En sus debates con el Tata Quispe, el Mallku acusó a su interlocutor de servil. Era interesante como construía la identidad aymara como ligada al trabajo rural, como si la migración urbana provocara la perdida de capital identitario. Pero en esos debates también recordó al gran enemigo a derrotar: el q’ara encarnado en el gobierno de Jeanine Áñez. “Estas pasando a la historia, aliado del opresor, te van a escupir, orinar en todo lado” increpaba al Tata Quispe. Para el Mallku los aymaras eran una nación, una verdadera comunidad y se constituían como tales no solo por vínculos históricos y afectivos sino por enfrentar enemigos comunes: el criollo, el blanco, el republicano y el neoliberal podían ser sintetizados racialmente en el q’ara. Ese blanco opresor estaba ubicado fuera de esa nación imaginada. Los extranjeros invasores, desde Francisco Pizarro hasta Sánchez de Lozada, debían ser derrotados e incluso erradicados. Servirles o aliarse con ellos era el mayor acto de traición a la nación.

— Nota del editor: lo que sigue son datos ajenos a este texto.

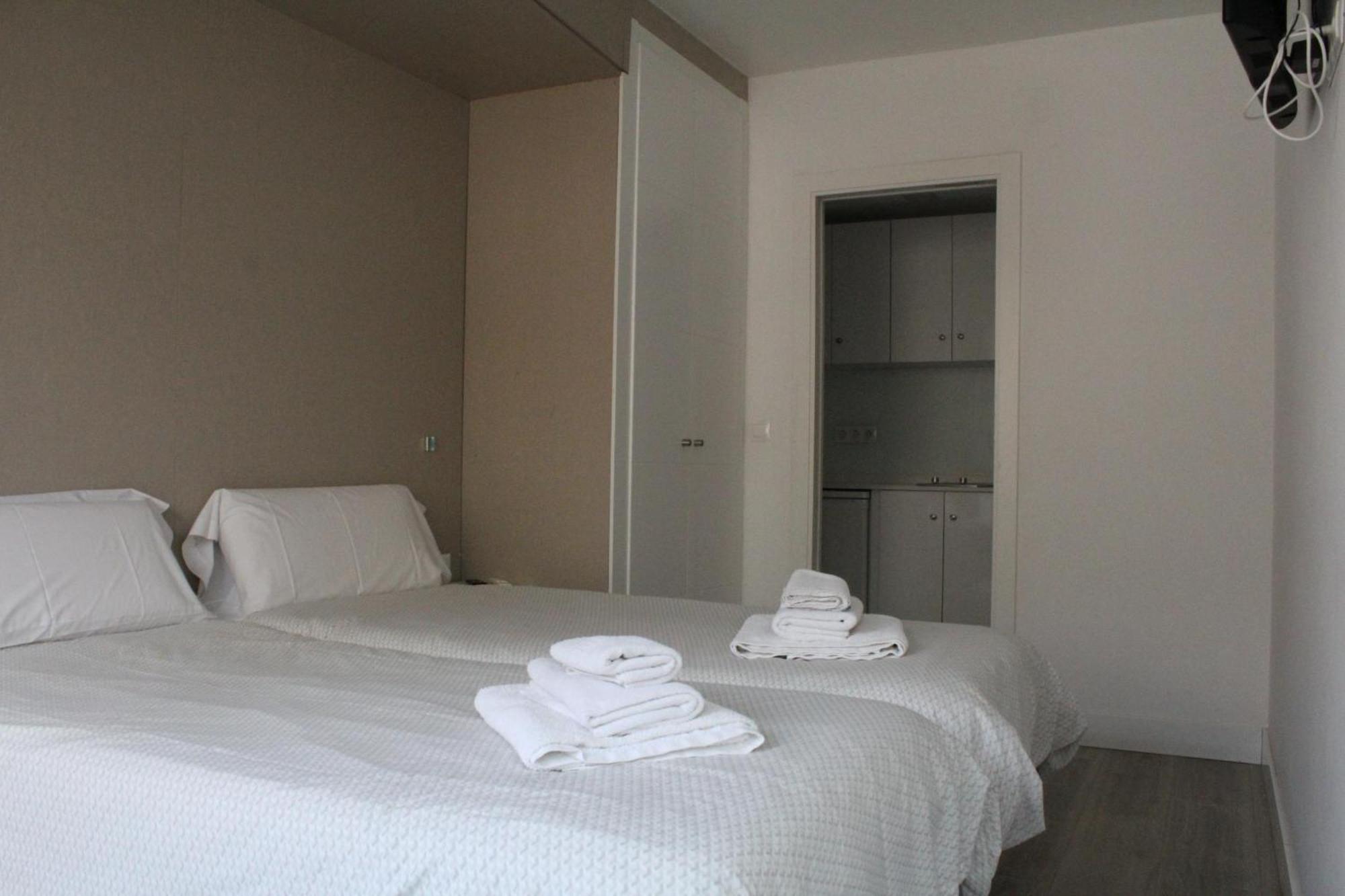 Carihuela Beach Apartamentos Torremolinos Exterior foto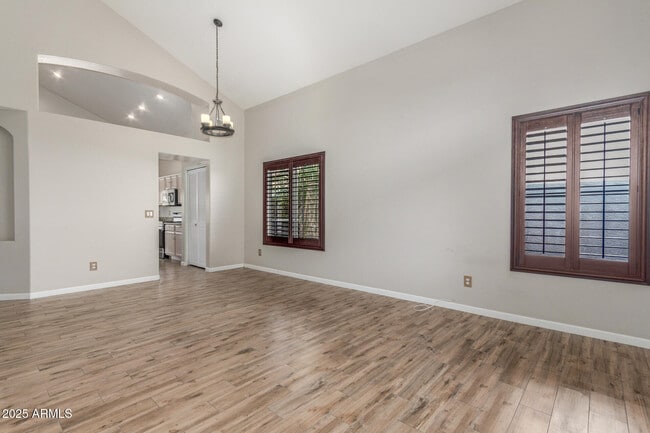 Building Photo - 2500 S Sunnyvale Ave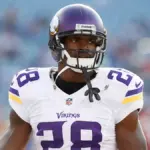 nfl-vikings-adrian-peterson-102625-1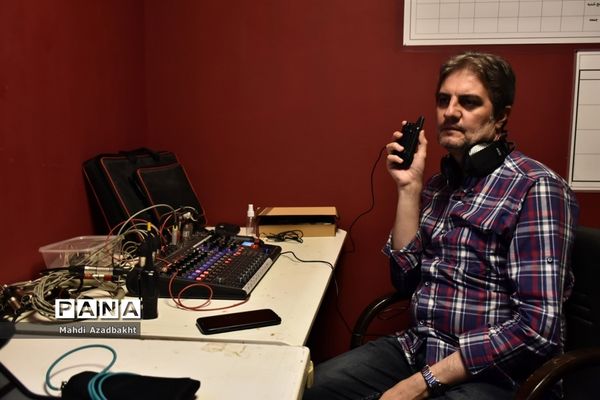 پشت صحنه برنامه تلویزیونی چهل تیکه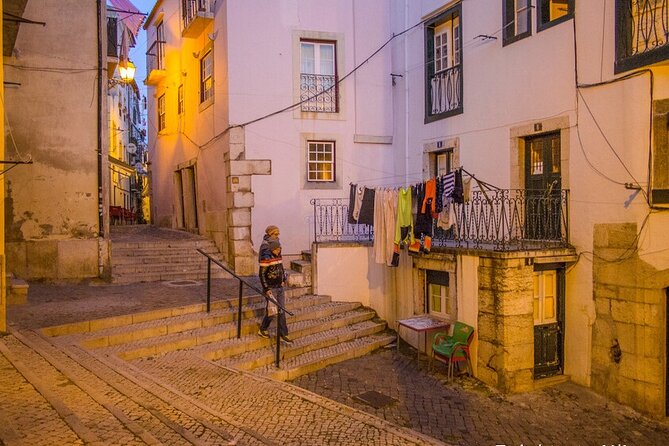 Shared Arrival Transfer: From Lisbon Airport to Hotels - Travel Tips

Precisamente la paradoja de su legado es la efectividad de su convocatoria a la lucha contra la opresión y el fracaso de sus aventuras electorales. Alejado de discursos estériles, el Mallku llamaba a la acción, al combate intenso atravesado por el orgullo de la identidad india históricamente humillada. Sin embargo, esa estrategia mostraba fisuras al momento de intentar conquistar el poder a través de mecanismos pacíficos, era difícil establecer alianzas con sectores no indios o incluso con los pueblos indígenas de tierras bajas, ajenos al etnonacionalismo aymara que tanto divulgó.
Pero sería un grave error reducirlo a su radicalidad sin considerar su mensaje central. El estado emergente de la Revolución Nacional es un fracaso, el Estado Plurinacional es ilusorio, el racismo sigue vigente, la exclusión se configura racialmente, todavía está latente en las elites y amplios sectores de nuestra población, no se lo puede derrotar desde la pasividad ni a través de palabras rimbombantes. “¡Nos dicen indios de mierda, masiburros, masillamas, ustedes no saben lo doloroso que eso!”, sus declaraciones no eran un lamento, eran una herida abierta a través de la cual se convocaba nuevamente a la lucha por el poder, solo conquistándolo podían revertirse injusticias históricas. Estudiar su obra, con sus errores y aciertos, es un deber, no solo para sus seguidores sino para todo aquel que pretenda comprender nuestra accidentada historia. Meditar sobre las razones de su radicalidad ayuda a entender la magnitud de la exclusión sobre la cual se edificó nuestro país.